Re: Gathering package upstream meta-data in the UDD. (was: Re: more formally indicating the registration URL)

To: debian-med@lists.debian.org
Cc: Debian QA List <debian-qa@lists.debian.org>
Subject: Re: Gathering package upstream meta-data in the UDD. (was: Re: more formally indicating the registration URL)
From: Andreas Tille <andreas@an3as.eu>
Date: Thu, 22 Oct 2009 09:49:10 +0200
Message-id: <[🔎] 20091022074910.GA20846@an3as.eu>
In-reply-to: <20091021153006.GA28743@kunpuu.plessy.org>
References: <4A7309D8.9010706@gmx.de> <20090803182130.GC975@an3as.eu> <20090805023802.GA22086@kunpuu.plessy.org> <20090805072124.GB16430@an3as.eu> <4A795981.7000606@gmx.de> <20091021153006.GA28743@kunpuu.plessy.org>

[debian-qa in CC because here we are discussing UDD issues.]

On Thu, Oct 22, 2009 at 12:30:06AM +0900, Charles Plessy wrote:
> First of all, let's summarise the situation. We want to integrate some metadata
> in our 'web sentinels', like 'http://debian-med.alioth.debian.org/tasks/bio'.

I would like to add that most probably there might evolve even other use
cases for this kind of data.  Keeping this in mind we might consider
moving the topic to debian-devel in the next stage of development.

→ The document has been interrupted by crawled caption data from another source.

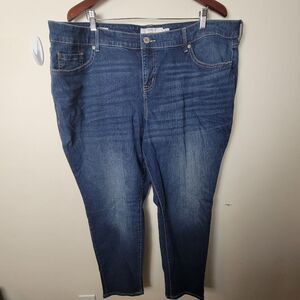 Torrid Classic Straight in Back Country Blue 22R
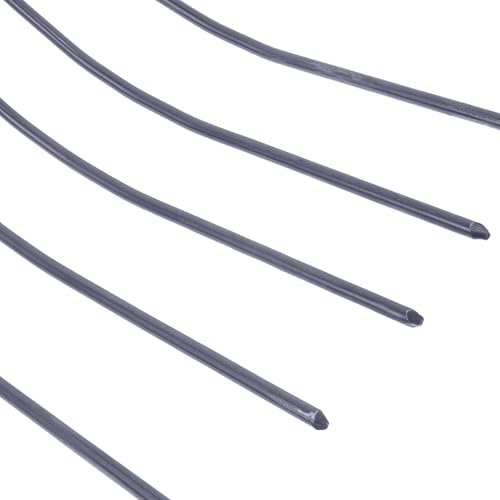 Iron Manure Fork Handheld Agricultural Fork for Farm and Household Use with Five Solid Tines Sturdy Iron Garden Tool for Manure and Grass Cleaning
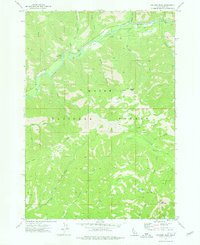 Jackson Peak 1972 topographic map thumbnail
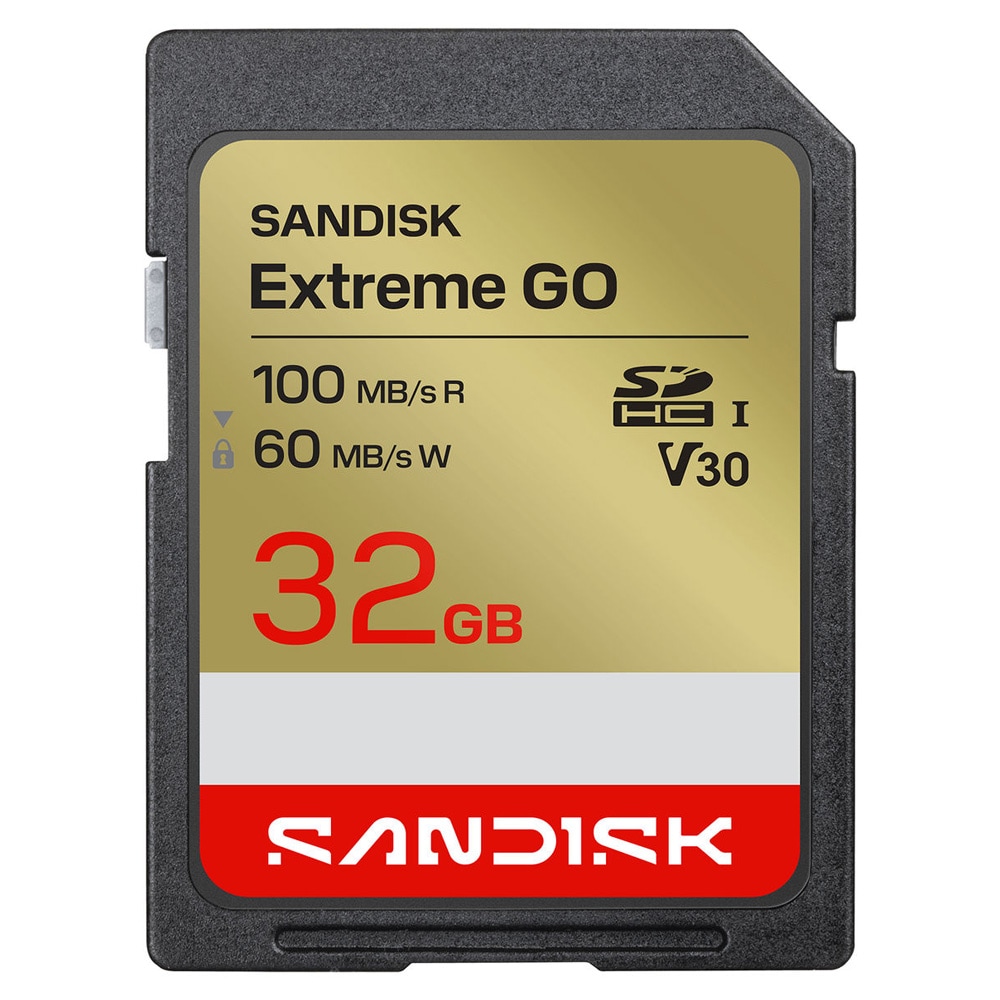SanDisk Extreme GO SDHC V30 32GB 100MB/s -minneskort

> What I propose is to have a special file in the source packages for gathering
> all possible useful informations, debian/upstream-metadata.yaml.

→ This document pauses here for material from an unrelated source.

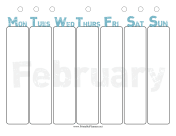 Printable February Weekly Planner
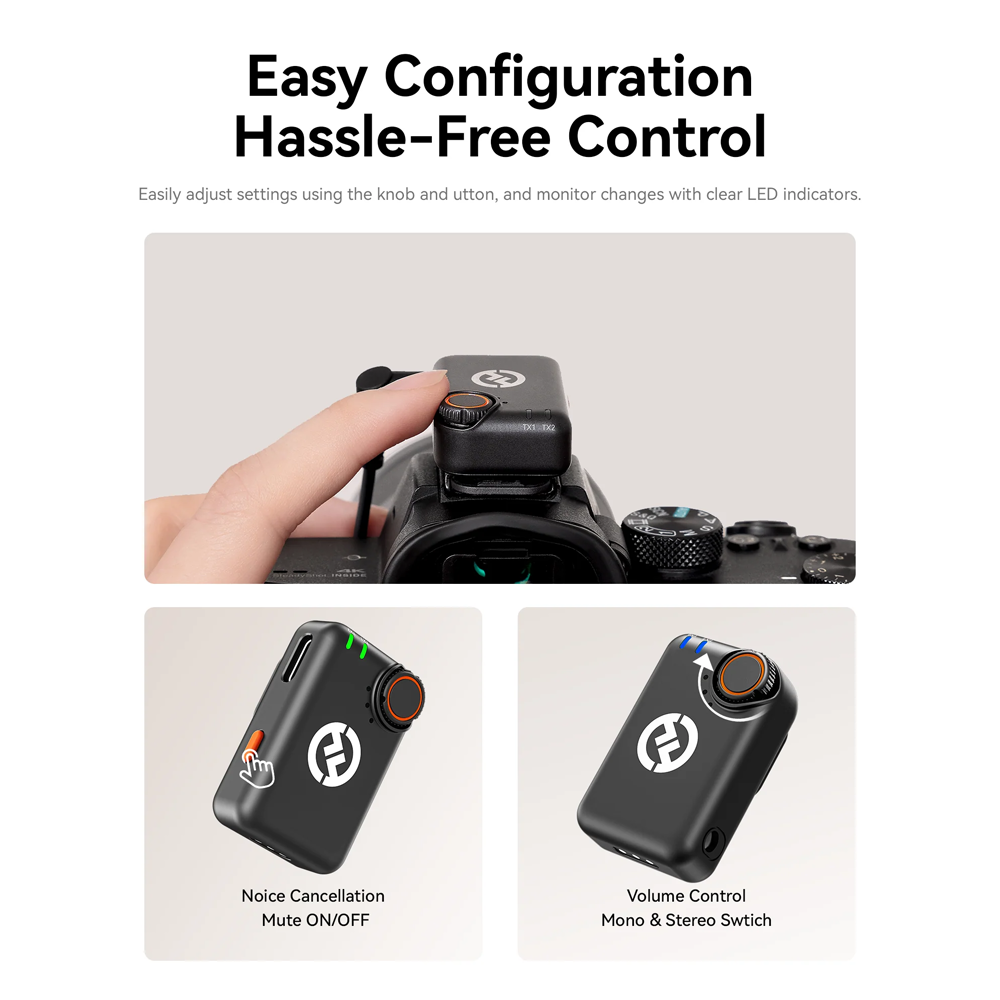 Hollyland Lark M2S Wireless Lavalir Microphone Combo - Space Gray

I have noticed this and I really like this effort very much (even if I
did not actively suported it by adding such a file for packages I
touched recently).

> In contrary to
> debian/control, this file would not contribute data to the Packages.gz files of
> the Debian archive. I think that there are enough source packages managed in
> version control systems that we can use them as the main source of our data.

I'm not really happy about this "we ignore packages which are not
maintained in VCS" attitude but it sounds reasonably to assume that in
practice all those package that potentially contain such kind of
information are actually maintained in a VCS.  An alternative way to
gather the information popped up in my mind:  There is some code that
checks the translation status of upstream sources by unpacking all
source packages and checking for <lang>.po files.  So there is actually
some code which handles complete unpacking of Debian source packages
which might be used to fetch debian/upstream-metadata.yaml as well.
The pro is to get all packages - the con is that it only seeks in
already uploaded packages.

> This makes debian/upstream-metadata.yaml available indendantly of the Debian
> archive, and more importantly, will allow to update the metadata without
> uploading the package, but in a way that only the maintainers can do the
> update, which keeps things under control.

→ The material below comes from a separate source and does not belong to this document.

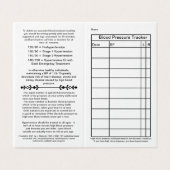 2021年血圧トラッキング用ハンディ財布カード 名刺 (外部フラット)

This has a certain advantage of flexibility over the method I suggested
above.  I'm not sure what way I would prefer.  Implementation wise
probably the VCS method is way easier to implement - so we probably
should stick to your decision - but I wanted to mention an alternative
way which IMHO might have slightly more chances to get accepted on
debian-devel for general purposes because people there might be
interested in completeness.

> The missing piece of the puzzle is then an aggregator that would collect the
> information from the source packages and prepare tables for the UDD. I am drafting
> such a program at http://upstream-metadata.debian.net/. Currently, it does
> not do much:
> 
> http://upstream-metadata.debian.net/<package>/ALL gets debian/upstream-metadata.yaml if
> the package is in a subversion server that is available to ???debcheckout???. Luckily,
> most of our packages are.
> 
> http://upstream-metadata.debian.net/<package>/<key> gives the content of the
> metadata for one key.

This sounds really good.

> For instance, http://upstream-metadata.debian.net/samtools/PMID gives the
> PubMed identification number for the article describing SamTools, 19505943.
> 
> This is the proof or principle for data retreival. Then, we need to construct
> the tables.  I plan to have the program store the results in a BerkeleyDB
> database, and to make it output tables at constant intervals, for instance
> daily. The update of the internal database would we done in two ways.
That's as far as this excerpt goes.